About this exercise:
What you return must match the listing below exactly, minus any pictures.

Available data:
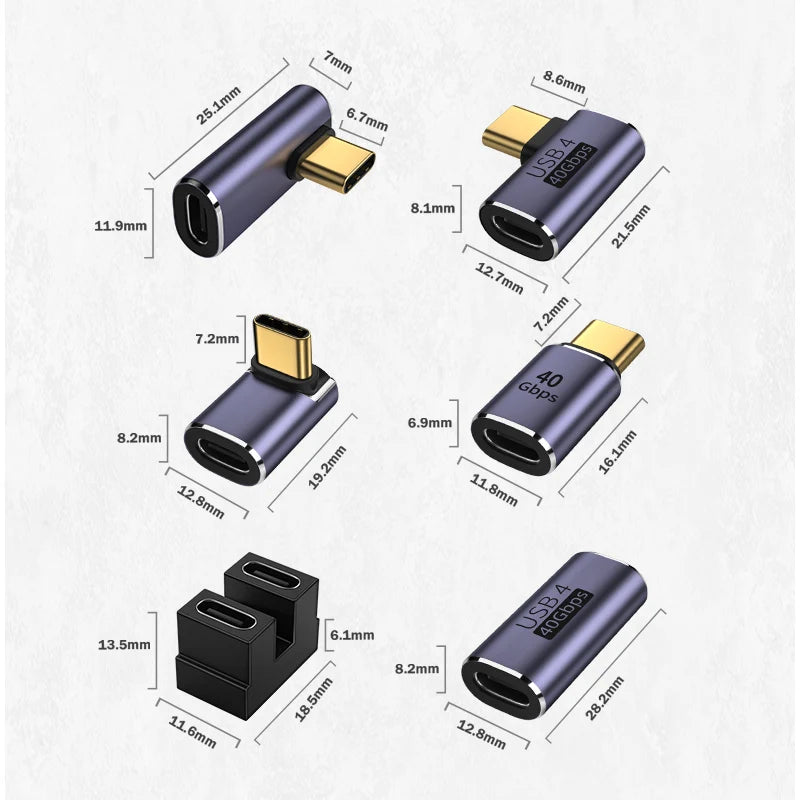 USB 4.0 PD 100W 8K 60Hz laddare kontakt för Macbook 40Gbps höghastighets USB C OTG U-form rak vinkel hane till hona adapter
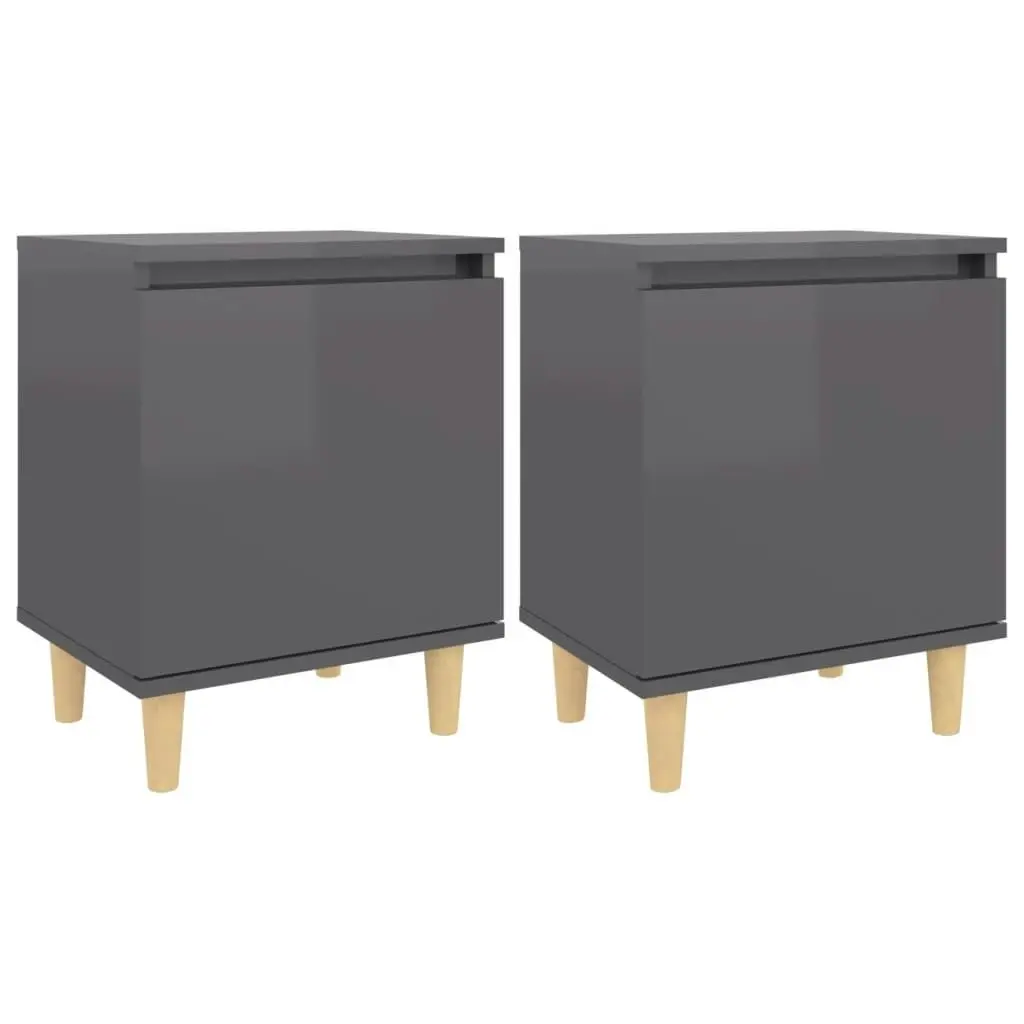 Bed Cabinets Solid Wood Legs 2 pcs High Gloss Grey 40x30x50 cm 805832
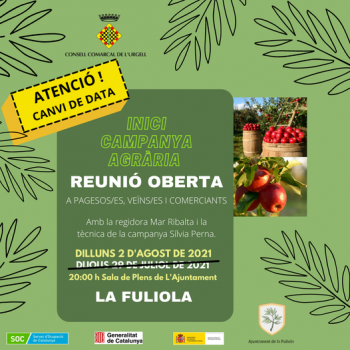 ATENCIÓ, Canvi de data a la #fuliola.  Preparem la campanya de la fruita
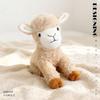 White Alpaca Plush Toy, Mountain Goat Stuffed Animal, Soft & Cuddly Companion Doll for Kids, Birthday Gift, 12 Inches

Worked solution:
 USB 4.0 PD 100W 8K 60Hz laddare kontakt för Macbook 40Gbps höghastighets USB C OTG U-form rak vinkel hane till hona adapter
 Bed Cabinets Solid Wood Legs 2 pcs High Gloss Grey 40x30x50 cm 805832
 ATENCIÓ, Canvi de data a la #fuliola.  Preparem la campanya de la fruita
 White Alpaca Plush Toy, Mountain Goat Stuffed Animal, Soft & Cuddly Companion Doll for Kids, Birthday Gift, 12 Inches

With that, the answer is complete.